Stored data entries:
============================================================

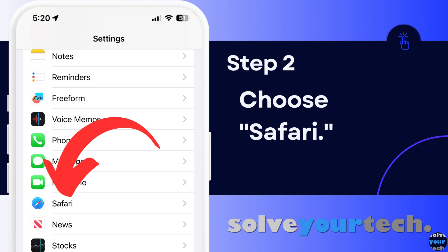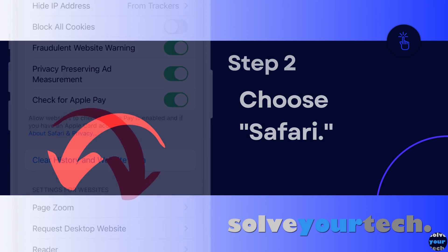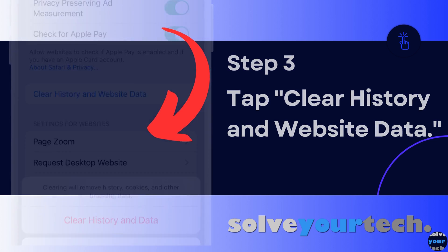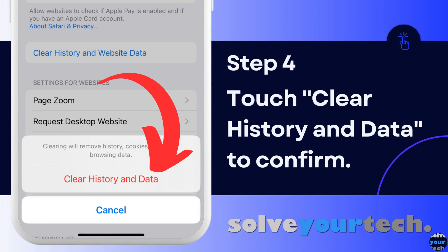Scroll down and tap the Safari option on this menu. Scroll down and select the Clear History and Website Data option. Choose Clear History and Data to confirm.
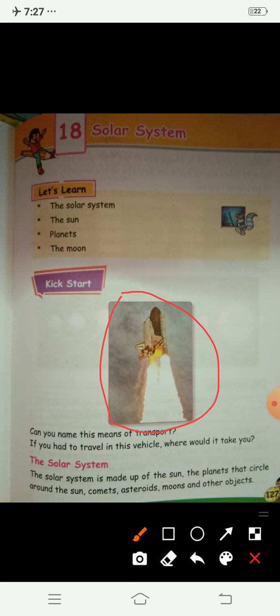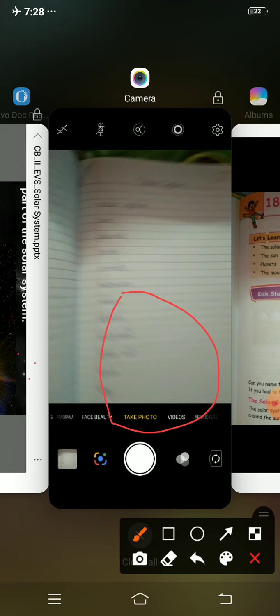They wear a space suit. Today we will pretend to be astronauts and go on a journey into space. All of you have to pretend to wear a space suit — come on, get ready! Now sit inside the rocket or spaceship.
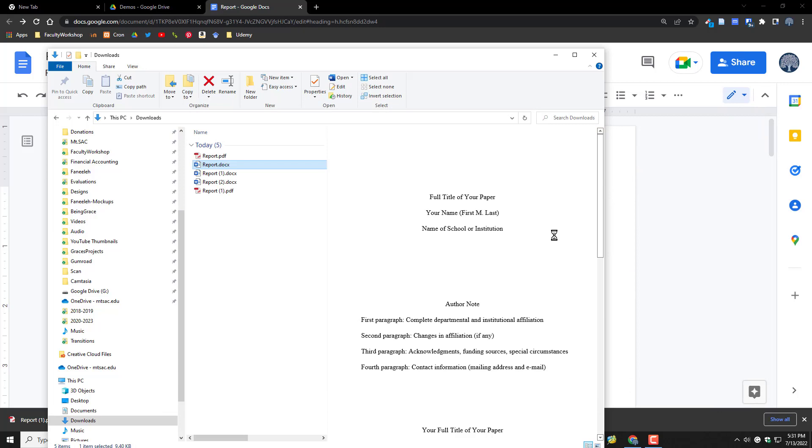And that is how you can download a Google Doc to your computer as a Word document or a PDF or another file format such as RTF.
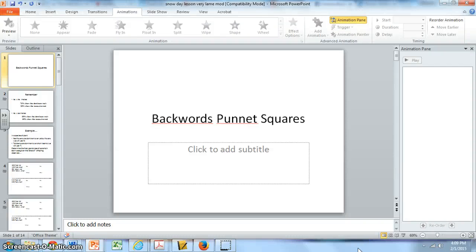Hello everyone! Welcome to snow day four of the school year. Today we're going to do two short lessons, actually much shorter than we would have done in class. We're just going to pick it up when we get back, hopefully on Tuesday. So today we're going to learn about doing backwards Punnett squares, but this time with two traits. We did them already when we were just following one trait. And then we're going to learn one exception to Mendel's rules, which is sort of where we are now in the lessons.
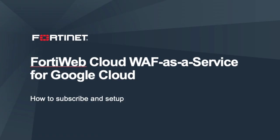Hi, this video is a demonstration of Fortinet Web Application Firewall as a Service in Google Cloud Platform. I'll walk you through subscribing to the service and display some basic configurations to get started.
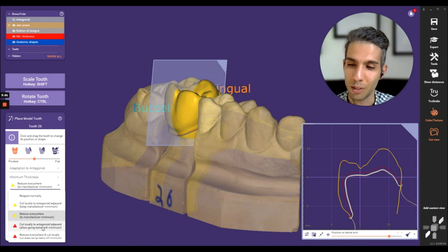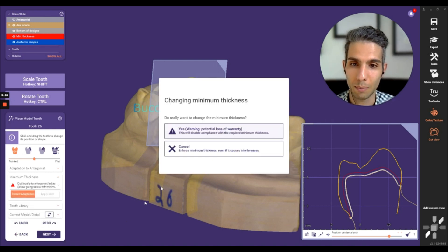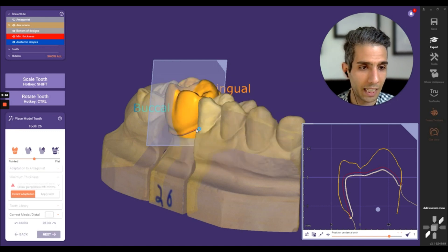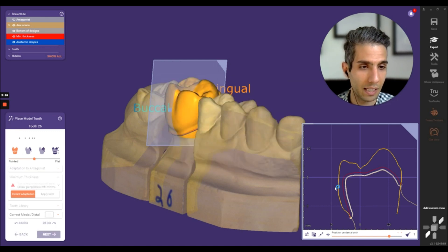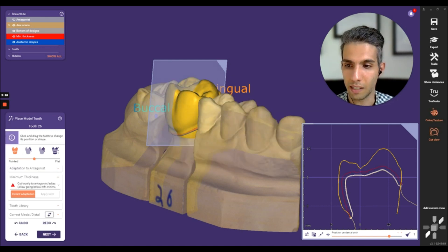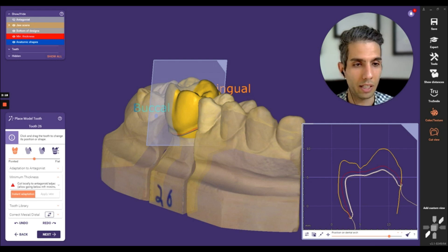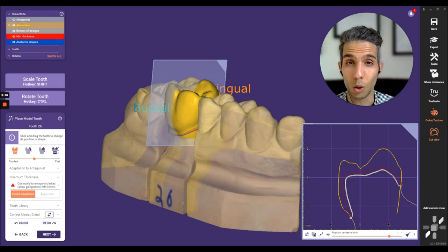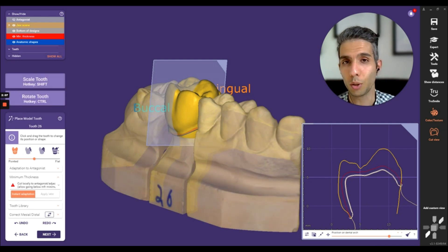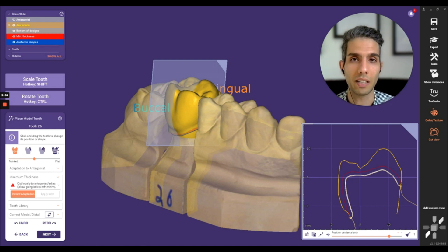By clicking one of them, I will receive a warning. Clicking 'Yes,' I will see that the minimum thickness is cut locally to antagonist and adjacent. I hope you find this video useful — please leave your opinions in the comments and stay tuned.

============================================================

Task to carry out: The lines wanted are those from the one with "Hello everyone! Welcome" to the end of the entries above, repeated exactly, both ends included. Leave out the pictures.

Output for this exercise:
Hello everyone! Welcome to snow day four of the school year. Today we're going to do two short lessons, actually much shorter than we would have done in class. We're just going to pick it up when we get back, hopefully on Tuesday. So today we're going to learn about doing backwards Punnett squares, but this time with two traits. We did them already when we were just following one trait. And then we're going to learn one exception to Mendel's rules, which is sort of where we are now in the lessons.
Hi, this video is a demonstration of Fortinet Web Application Firewall as a Service in Google Cloud Platform. I'll walk you through subscribing to the service and display some basic configurations to get started.
By clicking one of them, I will receive a warning. Clicking 'Yes,' I will see that the minimum thickness is cut locally to antagonist and adjacent. I hope you find this video useful — please leave your opinions in the comments and stay tuned.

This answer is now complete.